Wednesday, November 01, 2006
I've been pretty busy the last few days, but here are some things I ran across, plus some things various astute readers alerted me to.
- On GL, yet another doc from the PSJ avalanche, the Declaration of Michael DeFazio, which basically lets us know that AT&T's SVRx license agreement doesn't say what SCO says it says. We all knew or at least assumed that already, of course, but this latest doc lays it all out in rather excruciating detail. You know you're a complete geek about the SCO case if you read the whole thing. Double points if you understand it. Triple points if you enjoy it.
- A bit about the rumored Novell-MS tie-up. The piece insists MS would offer support for SuSE, which doesn't make a lot of sense to me. I'm immediately reminded of the deal where MS bailed out Corel in return for Corel dropping their (rather sucky) Linux distro.
These days Xandros is saddled with the ex-Corel distro, and they're having trouble making a go of it as well.
- The notorious Brothers Yarro have added a whole "portfolio" of "companies" (or at least names of companies) to their metastatizing ThinkAtomic empire: Nanotop, Surf Recon, Jump Seed, That's Atomic, Nanobionica, Exo Applied Science, CP80, Hydruga, Facera.
A highly astute SNR reader has looked into these entities:
Facera has a LLC registration in Utah from 4/18/05. CP80 is known. The Nanotop and Jumpseed trademarks have a legal trail, but no business registration. Web domains are owned, but parked with "free hosting" pages.

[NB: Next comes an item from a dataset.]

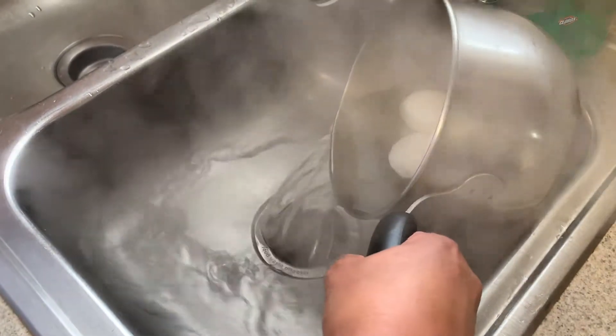Once the timer is finished, turn off the stove and pour out the hot water, then start putting cold water on your hard-boiled eggs.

Hydruga is most interesting. This is the genus name of the Antarctic Leopard Seals-- best known for their voracious predation of Adelie penguins. Yarro uses a leopard seal head as the logotype, just to make sure the point is not missed. Yarro hasn't registered hydruga as a domain yet.
Hydruga, the latin name of a seal that eats penguins. This is the sort of hilarity that ensues when suits and marketing types try to swagger and play tough guy. In related news, I used to know some people who named their dachshund "Fenris", but despite giving it a tough, scary name it stubbornly refused to morph into a huge hungry wolf. In fact, mostly it just sat around and slept and begged for table scraps and widdled on the rug. Given Ralphie's track record, I expect similar results for "Hydruga".
- Remember that embarrassing metadata whoopsie back in SCO's DaimlerChrysler suit, where it turned out they were originally going to sue BofA instead? Here's yet another article using that incident as a classic cautionary tale of what not to do.
- A podcast that mentions SCO. I haven't listened to it yet.
- In those rare spare moments when they aren't going to the mat for Darl & Co., BS&F & the feds just settled the Medco case for $155M. Medco is a big player in the prescription drug sector, and they ran afoul of something called the "False Claims Act". BS&F's press release about it is here. This may help explain why I've been getting so many visitors from BS&F lately.
I haven't seen them put out any press releases about the SCO case in a long, long time. Actually I didn't realize it was typical for lawyers to put out press releases at all, but I could be wrong about that. Not a lot of media coverage about this, and what there is doesn't mention BS&F's role. The NYT has a short blurb about the case.
For another take on the story, here's another press release about the settlement, this time from the National Community Pharmacists Association.
- In other Boies news, DB and his wife are donating $5M to a local hospital in the New York 'burbs. The same hospital also scored a cool $1M recently after treating Martha Stewart after a turkey-carving incident. Who says the health care system is broken in this country?
Call me crazy, but I'd be much more impressed if they donated the money to, say, a cash-strapped hospital in the inner city, something New York has an abundance of.
- Another of those rare birds, a product announcement that briefly mentions SCO. The company makes x86 boxes, and wants you to know that all sorts of OSes run on it, which shouldn't come as a huge surprise. Yes, even UnixWare 7.x runs on it. Which probably means OpenServer 6 will work too, since it's basically just a rebadged UnixWare.
- One of those less-rare birds, a new-hire announcement mentioning that so-and-so used to work for SCO back in the day. The guy's name doesn't ring a bell to me, but I thought I'd pass it along anyway.
- Dana Blankenhorn has a piece about Oracle Linux
- Ubuntu: Doing OK.
- A post about the early years of the relationship between MS and Ed Iacobucci's Citrix. Recall that Iacobucci is a SCO BOD member.
- A recent blog post by Harald, wringing his hands over whether GPL enforcement is doing any good.